Unnamed: 0,year,name,date,Descriptive,Dry,Wet,Drizzle,Rain
0,1950,British Grand Prix,1950-05-13,"Sun, Dry",1.0,0.0,0.0,0.0
1,1950,Monaco Grand Prix,1950-05-21,"Sun, Dry",1.0,0.0,0.0,0.0
2,1950,Indianapolis 500,1950-05-30,"Sun, short drizzle",0.0,0.0,1.0,0.0
3,1950,Swiss Grand Prix,1950-06-04,"Sun, Dry",1.0,0.0,0.0,0.0
4,1950,Belgian Grand Prix,1950-06-18,"Sun, Dry",1.0,0.0,0.0,0.0


### **1st Attempt**: Data scraping [F1 Facts](https://f1-facts.com/), a website with historical statistics from F1 races, from 1950 to 2018
The first step was using the Beautiful Soup library to read the html and capture the labels for each weather condition.

In [417]:
from bs4 import BeautifulSoup as soup
from urllib.request import urlopen as uReq
import pandas as pd
import numpy as np

# Reading through html file
myurl = 'https://f1-facts.com/stats/weather'
uClient = uReq(myurl)
page_html = uClient.read()
page_soup = soup(page_html,"lxml")

# Finding table containing the desired information
table = page_soup.find(text="1950").find_parent("table")

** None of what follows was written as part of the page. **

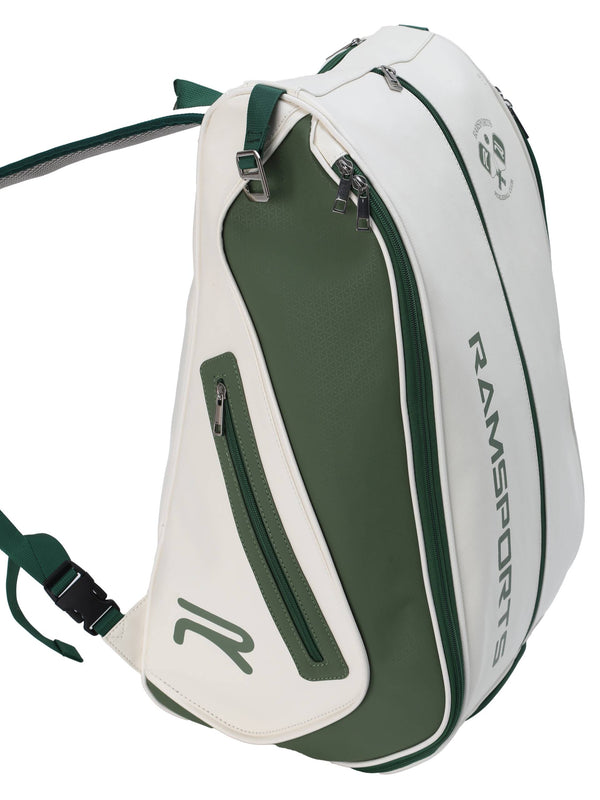 Side view of the LiteCarry Olive Trim Backpack displayed against a white background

Now, we must capture the weather information, shown by an icon which defines if there is rain, sun, clouds, etc. We can read the source from each icon, and mapped that link to a specific weather state.

In [418]:
# Reading all image sources: ordered chronologically
images = table.findChildren("img")

# Creating a list with the source links converted to string values
image_list=[[] for i in range(len(images))]
for i in range(len(images)):
    image_list[i] = str(images[i])

Going from 1950 to 2011, cronologically, the digits corresponding to the weather condition are read, and converted into a descriptive text. 

In [433]:
# Up to 2018, 2015 missing 

pd.set_option('mode.chained_assignment', None)

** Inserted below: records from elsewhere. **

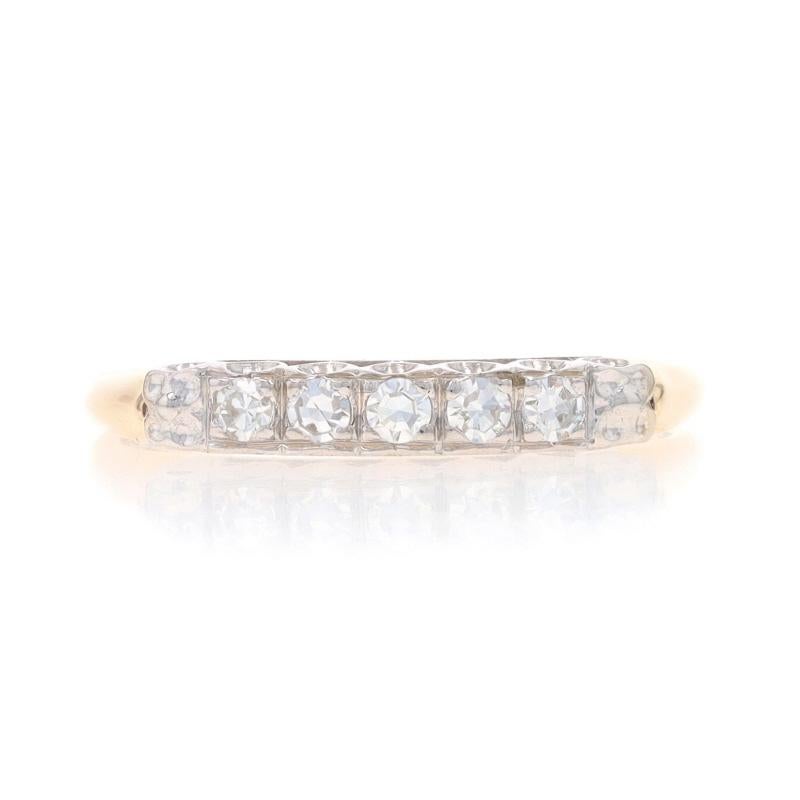 Size: 6 3/4
Sizing Fee: Up 3 sizes for $60 or Down 1 size for $40

Note: If resized, the ring will receive a new half shank.

Era: Vintage

Metal Content: 14k Yellow Gold & 14k White Gold

Stone Information

Natural Diamonds
Carat(s): .15ctw
Cut:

for i in range(len(images)):
    if image_list[i][35:38] == 'w1.':
        weather_df['Descriptive'][i] = 'Sun, Dry'
        weather_df['Dry'][i] = 1
        
    elif image_list[i][35:38] == 'w2.':
        weather_df['Descriptive'][i]  = 'Dry, Clouds'
        weather_df['Dry'][i] = 1
        
    elif image_list[i][35:38] == 'w3.':
        weather_df['Descriptive'][i]  = 'Dry, Cold'
        weather_df['Dry'][i] = 1
        
    elif image_list[i][35:38] == 'w4.':
        weather_df['Descriptive'][i]  = 'Sun, short drizzle'
        weather_df['Drizzle'][i] = 1
        
    elif image_list[i][35:38] == 'w5.':
        weather_df['Descriptive'][i]  = 'Rain'
        weather_df['Rain'][i] = 1
        
    elif image_list[i][35:38] == 'w6.':
        weather_df['Descriptive'][i]  = 'Wet'
        weather_df['Wet'][i] = 1
        
    elif image_list[i][35:38] == 'w7.':
        weather_df['Descriptive'][i]  = 'Rain, then dry'
        weather_df['Rain'][i] = 1
        weather_df['Dry'][i] = 1
        
    elif image_list[i][35:38] == 'w8.':
        weather_df['Descriptive'][i]  = 'Dry, Cloudy'
        weather_df['Dry'][i] = 1

    elif image_list[i][35:38] == 'w9.':
        weather_df['Descriptive'][i]  = 'Rain'  
        weather_df['Rain'][i] = 1
        
    elif image_list[i][35:38] == 'w10':
        weather_df['Descriptive'][i]  = 'Dry, hot' 
        weather_df['Dry'][i] = 1
        
    elif image_list[i][35:38] == 'w.':
        weather_df['Descriptive'][i]  = 'Unknown'    
        

### **2nd Attempt**: Adding values from a .csv corresponding to 2012-2020
Because there were gaps on the weather for those years, a file was used, were the information from different sources was compiled.

In [438]:
weather_df_2012 = pd.read_csv(r'C:\Users\joaoe\Documentos\JP\JP_GitHub\f1_predict_ML\data\weather_2012_to_2020.csv')
weather_df_2012['Dry'] = np.zeros(len(weather_df_2012))
weather_df_2012['Wet'] = np.zeros(len(weather_df_2012))
weather_df_2012['Drizzle'] = np.zeros(len(weather_df_2012))
weather_df_2012['Rain'] = np.zeros(len(weather_df_2012))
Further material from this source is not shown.